2006 | dir: Justin Lin | 104 m
It’s easy to conceive of a universe where The Fast and The Furious franchise simply dissipated into the ether like a puff of exhaust from the tailpipe of a 1970 Dodge Charger. The Fast and the Furious: Tokyo Drift had all the hallmarks of a direct-to-video release and a total lack of any confidence in its success on the part of Universal. With none of the stars from the first two films returning, Tokyo Drift appeared to be an attempt by a major Hollywood studio to capitalize on whatever shred of popularity they could sink their greedy little claws into. On paper, it seemed to be a Fast and The Furious movie in name only: it featured all new characters in an all-new setting with a narrative completely divorced from the movies that had proceeded it. All signs pointed to Universal trying to squeeze the last few drops of profitability from a (at the time semi-) recognizable brand name before discarding its desiccated rinds into the gutter like so much scrap metal.

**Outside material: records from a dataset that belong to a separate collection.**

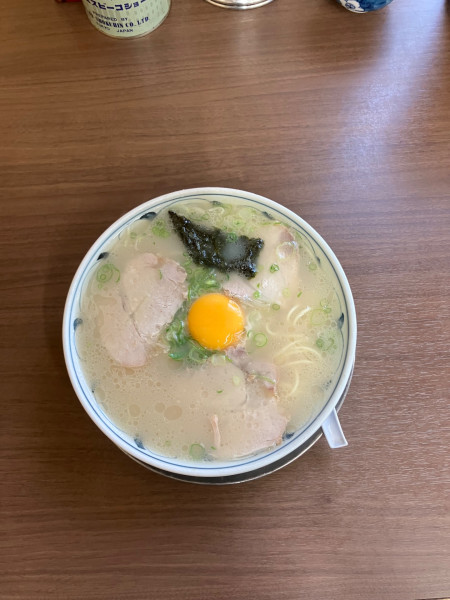 「玉子ラーメン」@らーめん もとむらの写真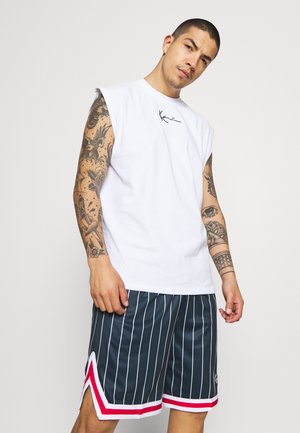 SMALL SIGNATURE TEE - Top - white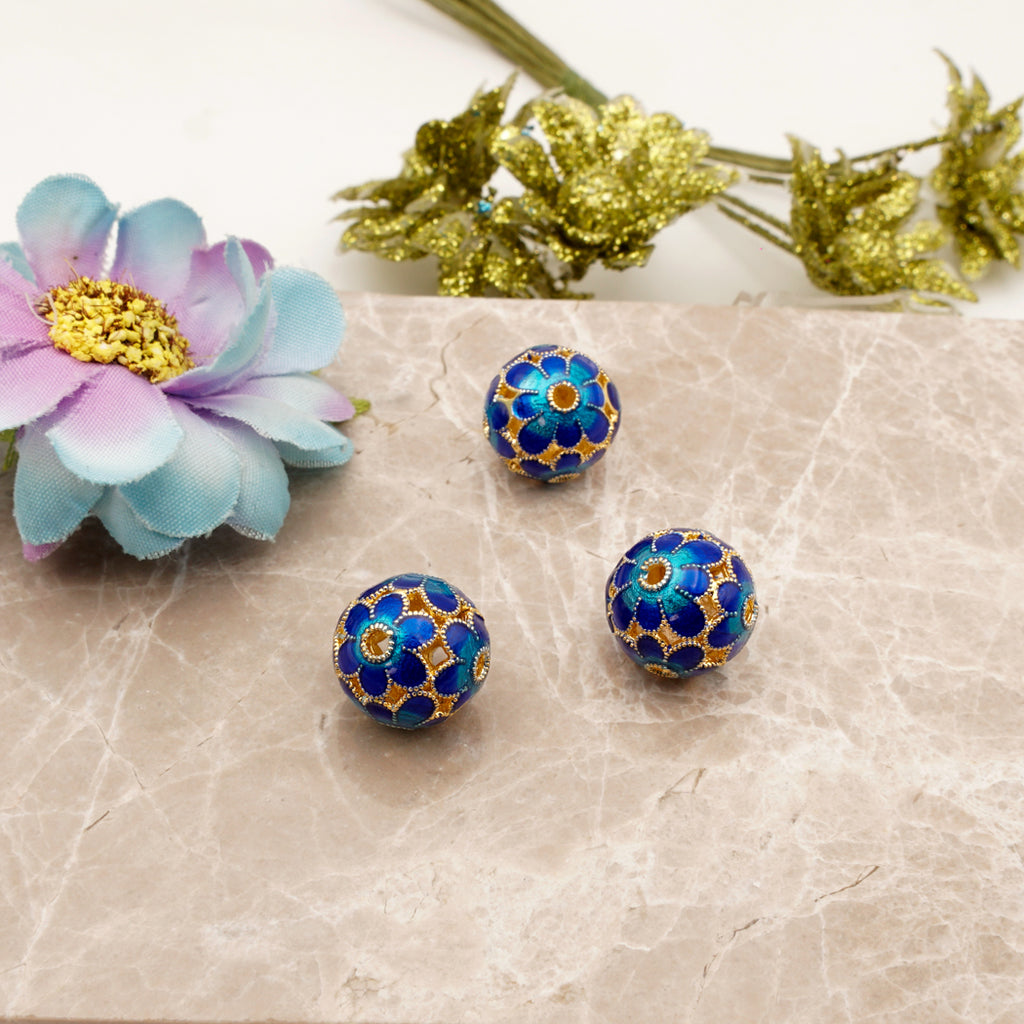 Round Lotus Flowers Ball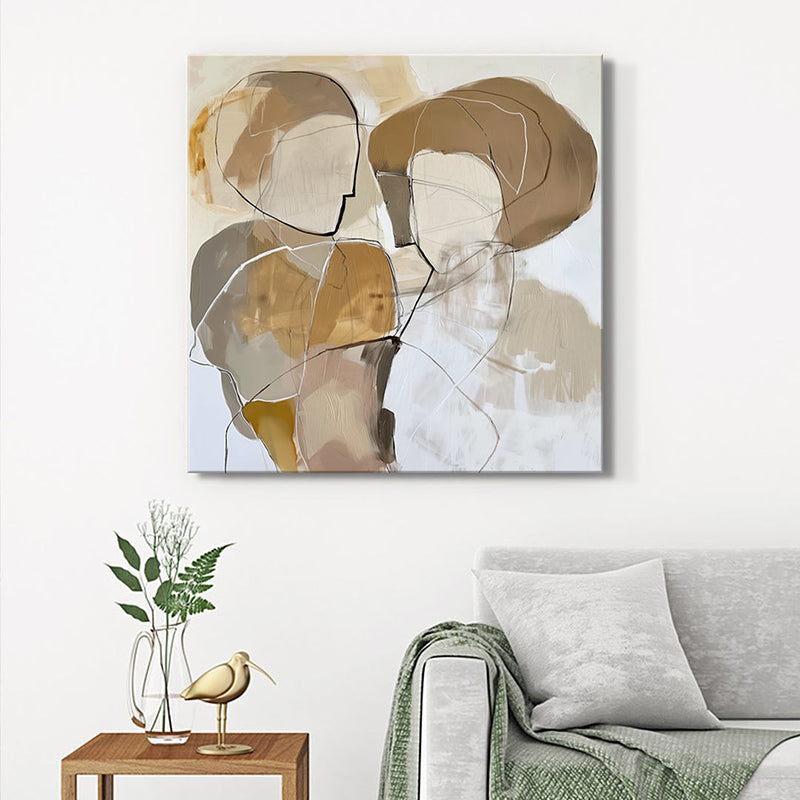 Female Friendship Wall Painting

Tokyo Drift might very well have sealed the series’ fate as a string of unrelated D-list, bargain-bin fare were it not for one unanticipated variable: director Justin Lin.
At the time he was tapped to helm Tokyo Drift, Lin had five directing credits to his name, only three of which were feature-length, and only one of which would likely to have been known by any Western audiences, the oft-overlooked Annapolis (which I highly recommend you check out). Annapolis and Tokyo Drift were likely intended as auditions by studios to see if the director could handle a lower-risk, mid-budget movie before being given the reigns on something with larger price tag attached. This is similar to the way Christopher Nolan was handed the Insomnia remake or Zack Snyder was given the Dawn of the Dead remake essentially to prove they had the chops to manage a project of a certain size.